The rest of the summer was defined by a marked change in his behaviour towards you. While it was hardly _friendly_ – in any normal sense of the word, at least – Watanuki appeared to have given up on keeping you and he apart. Whether this was due to resignation or genuine warming-up to you, you didn't know; you didn't really care. You couldn't really imagine Watanuki without his prickles and suspected that the only time they disappeared was when he curled tightly enough that they blended together and completely closed him off. In a strange way, you supposed, the prickles were a sign of trust.

You were aware that Watanuki-analysis had become a hobby of yours lately, but didn't really think too much of it beyond the fact that you enjoyed having a friend. It was even worth the requirement that you now be social – to a certain extent – and of course the omnipresent prickles.

Life continued. The bar you worked at hired a new hostess, who quickly took to giggling with several of the other girls who worked there. You ignored them for the most part rather than deal with actual conversation, if one could call it that, but a few weeks into her induction to the staff the new hostess approached you herself as you finished your shift.

"Uh… it's Doumeki, right?" she asked nervously. You hadn't bothered telling anyone your first name, so without any confusion you nodded. "I was, like, wondering if you were doing anything after work?"

You nodded again. You had plans to go home, maybe study, but definitely sleep.

"Oh." She looked disappointed for a moment, and then plowed on. "With your girlfriend, huh?"

"No," you said."

"You don't have a girlfriend?"

"I don't."

Her hopeful smile returned, and you sighed inwardly, recognising the signs that the time for a solid rejection was close at hand. "Then are you busy tomorrow night?" she inquired too casually.

"I'm not interested. I apologise," you told her before she could get her hopes any more than she already had.

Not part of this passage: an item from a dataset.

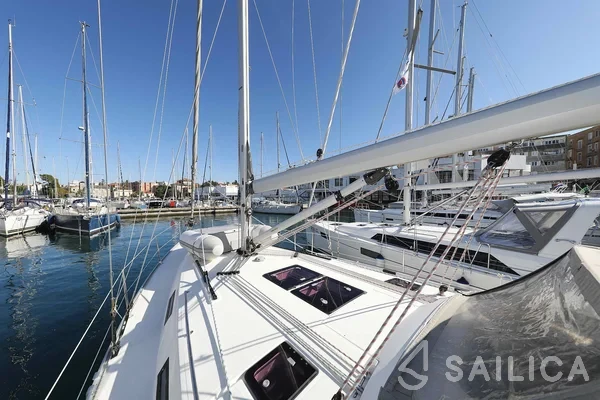 Bavaria 40 Cruiser - Yacht Charter Sailica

She sighed in dejection. "Who _are_ you interested in?" she asked, glancing around the room as if she could learn the answer if she looked hard enough. "Any of the girls_here_?"

"No," you told her once more. It was the truth, after all. Romance had never been a priority for you, and as for interest… the way she meant it, you were unattached. But your "interests" lay elsewhere, in your schooling and your music. You didn't see the appeal in adding yet another element to the structure of your days.

"Oh. I'm sorry about that, then," she said, as if lack of a love life was a real loss. Then she gave you a look that could only be called speculative. "Unless… are you gay?"

For a moment you considered telling her yes simply to end the conversation, but with how the things had gone so far such a statement would only fuel the fire. And you really didn't see the point in lying about something like that, anyway. Your lack of interest was equal opportunity. "No," you said. "I'm simply not interested."

She stared at you as if such a concept was unthinkable, and you took the opportunity to make your exit before anything else could be asked or speculated about your nonexistent love life. You wondered why you had somehow earned the notice of not only she but many of the hostesses who had worked at the bar, despite an indifference that surely should have been easy to see. And you thought about it, and wondered why you didn't really have an interest n people at all – not only romantically, but simply in general.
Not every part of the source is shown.